The Transmission Control Protocol (TCP) is a reliable end to end protocol that uses IP to transmit
and receive its own packets.
Just as IP packets have their own header, TCP has its own header.
TCP is a connection based protocol where two networking applications are connected by a single,
virtual connection even though there may be many subnetworks, gateways and routers between
them.
TCP reliably transmits and receives data between the two applications and guarantees that there will
be no lost or duplicated data.
When TCP transmits its packet using IP, the data contained within the IP packet is the TCP packet itself.
The IP layer on each communicating host is responsible for transmitting and receiving IP packets.
User Datagram Protocol (UDP) also uses the IP layer to transport its packets, unlike TCP, UDP is not
a reliable protocol but offers a datagram service.
This use of IP by other protocols means that when IP packets are received the receiving IP layer must
know which upper protocol layer to give the data contained in this IP packet to.
To facilitate this every IP packet header has a byte containing a protocol identifier.
When TCP asks the IP layer to transmit an IP packet , that IP packet's header states that it contains
a TCP packet.
The receiving IP layer uses that protocol identifier to decide which layer to pass the received data
up to, in this case the TCP layer.
When applications communicate via TCP/IP they must specify not only the target's IP address but also the
port address of the application.
A port address uniquely identifies an application and standard network applications use standard port
addresses; for example, web servers use port 80.
These registered port addresses can be seen in /etc/services
.
This layering of protocols does not stop with TCP, UDP and IP.
The IP protocol layer itself uses many different physical media to transport IP packets to other
IP hosts.
These media may themselves add their own protocol headers.
One such example is the ethernet layer, but PPP and SLIP are others.

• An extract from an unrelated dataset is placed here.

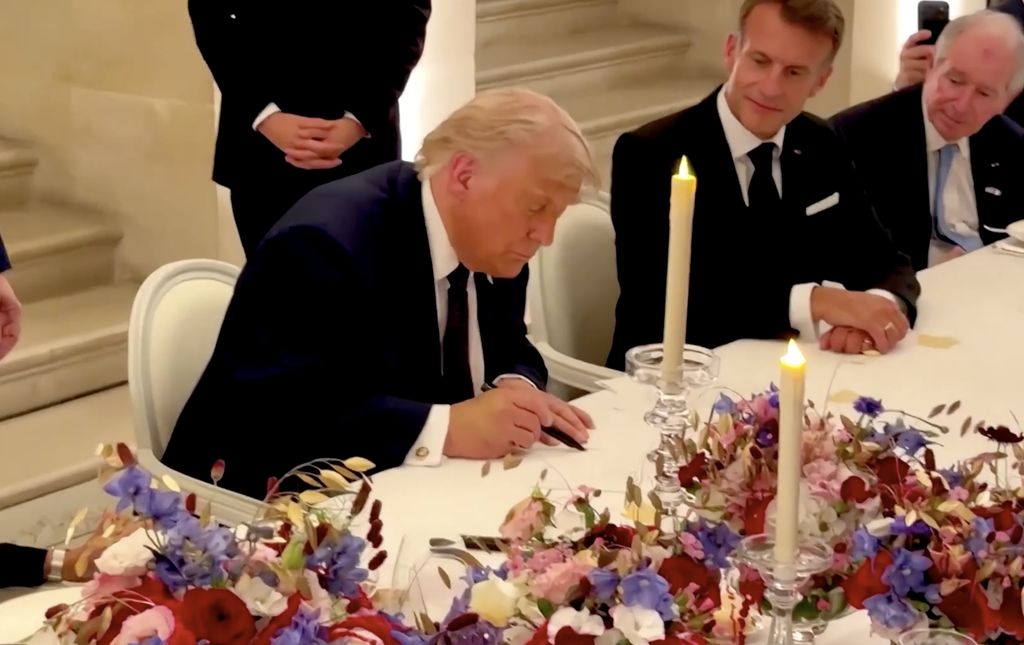 Presiden Amerika Serikat, Donald Trump, menandatangani Nota Kesepahaman Iran di Istana Versailles, Prancis, pada Rabu (17/6), sesaat sebelum menghadiri jamuan makan malam yang diselenggarakan oleh Presiden Prancis, Emmanuel Macron. (Tangkapan Layar Video Reuters/DAN SCAVINO/@SCAVINO47 VIA X)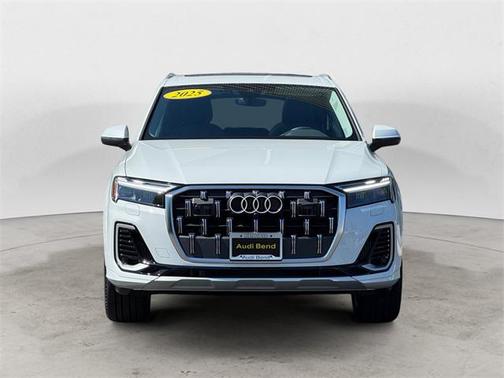 2025 Audi Q7 55 Premium Plus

An ethernet network allows many hosts to be simultaneously connected to a single physical
cable.
Every transmitted ethernet frame can be seen by all connected hosts and so every ethernet
device has a unique address.
Any ethernet frame transmitted to that address will be received by the addressed host but
ignored by all the other hosts connected to the network.
These unique addresses are built into each ethernet device when they are manufactured and it
is usually kept in an SROM2 on the ethernet card.
Ethernet addresses are 6 bytes long, an example would be 08-00-2b-00-49-A4
.
Some ethernet addresses are reserved for multicast purposes and ethernet frames sent with
these destination addresses will be received by all hosts on the network.
As ethernet frames can carry many different protocols (as data) they, like IP packets,
contain a protocol identifier in their headers.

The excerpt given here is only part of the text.